The car saga continues.  SD60 ran into a deer recently and totaled her $14k car.  She had let the insurance lapse so is without wheels.  DH84  plans to buy her a small used car but there are a lot of hills to climb first.

The short-term plan is for OSS to lend SD a pickup truck til a car is found.  We originally gave it to him and he's restored it, kind of like "good ole Dad's truck", he has other vehicles.  But he needs it while another is in the shop so can't bring it til Wednesday.  During his convo with DH today, he gave DH some home truths about SD's drug use, poor judgement and personality flaws.  He doesnt want SD driving his vehicle with no insurance (wisely).  DH managed to listen to him with minimal comeback.  When he got off the phone, I said, "OSS, YSS, the other kids and I dont tell you these things to trash SD.  We tell you because we are concerned about you and you always wind up having to pay to bail her out".  He seemed to be able to hear this today.

 We discussed budget for the car (cash) and I told him I'd have an issue with any kind of payments.  I also told him that he also needs to figure in car registration cost and insurance.

He just got off the phone with SD.  They are going to the tow place today to retrieve some stuff.  DH also needs to hear personally what the next steps are (how/when/ how much SD will be paid for salvage, a title issue, etc).  He asked if I'd want to go, I said no, I didn't want to be more involved.  He begged me to go and frankly, isn't up to understanding transactions, neither is she.  So, we are leaving soon.  To be continued....

Comments

Kes's picture

It's good that DH heard the truth about SD60 - whether it will make any difference though - probably not. 

Birchclimber's picture

Oh, wow.  Stuck in the middle again, huh?  The things we do for love!!  I would do the same thing as you.  

At least he's being more receptive to the truth about SD after talking to SS.  Fingers crossed for you today!  Please keep us posted. 

Merry's picture

I'd do the same thing too, just to protect DH. And knowing the whole time that things will somehow still go sideways.

tog redux's picture

I think it's reasonable to engage in order to protect his finances, on a short-term basis. 

CLove's picture

Does SD NEEd a vehicle, or just WANT one?
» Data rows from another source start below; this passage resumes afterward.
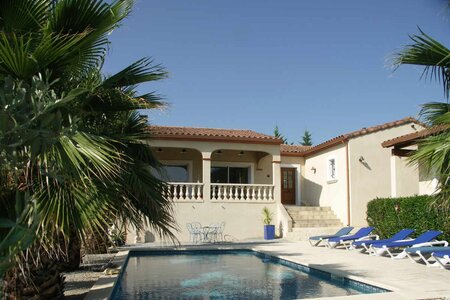 Top Vakantiehuizen | Bed and Breakfasts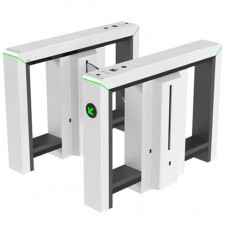 marspro-f1000_3-228x228-1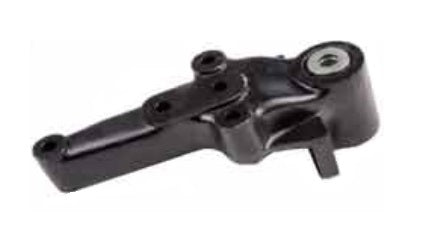 SUPPORTO POST. BALESTRA ANT. VOLVO VOLVO - 21321845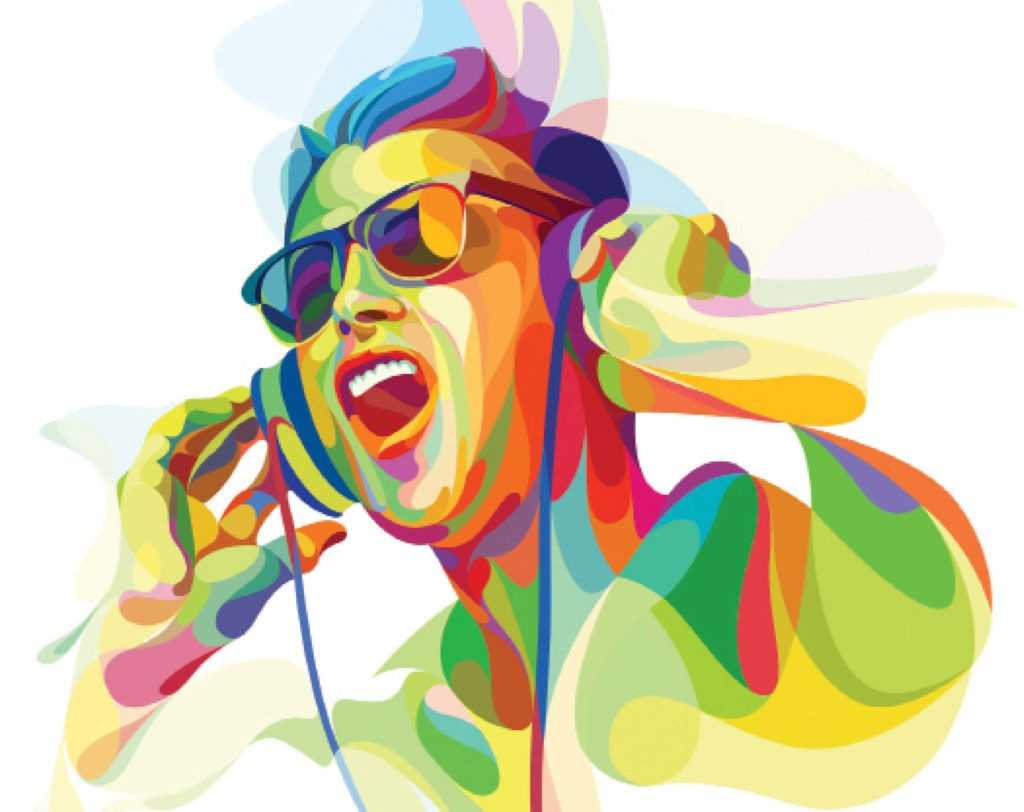 Las mejores apps para bajar música gratis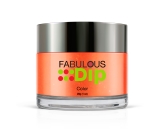 Fabulous Dip B133- 28g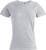 Promodoro - Women’s Premium-T (sports grey)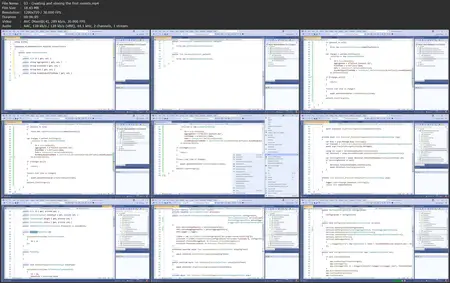 Advanced Azure Microservices with .NET for Developers [Updated: 10/10/2025]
There is absolutely no rush. But yes, with his fuzziness Im glad that you are going with him - more for your sake JRI.

SD22 Feral Forger is looming there in the background. I just cannot see another 40 years of this, but you are a beacon of sensibility...

Biggrin

advice.only2's picture

I understand why you help your DH I really do, but man by helping him you are just perpetuating the enabling cycle and the fact that your DH really believes you will take care of his daughter once he passes is sad.  Were it me I would tell my DH I could no longer help him enable his daughter and they will have to muddle through alone.  

JRI's picture

Oh, believe me, I know I'm helping him enable her.  It's a question of him enabling her own his own (flashy newer car with car payments since she's into status) vs. a small used sedan paid in his available cash.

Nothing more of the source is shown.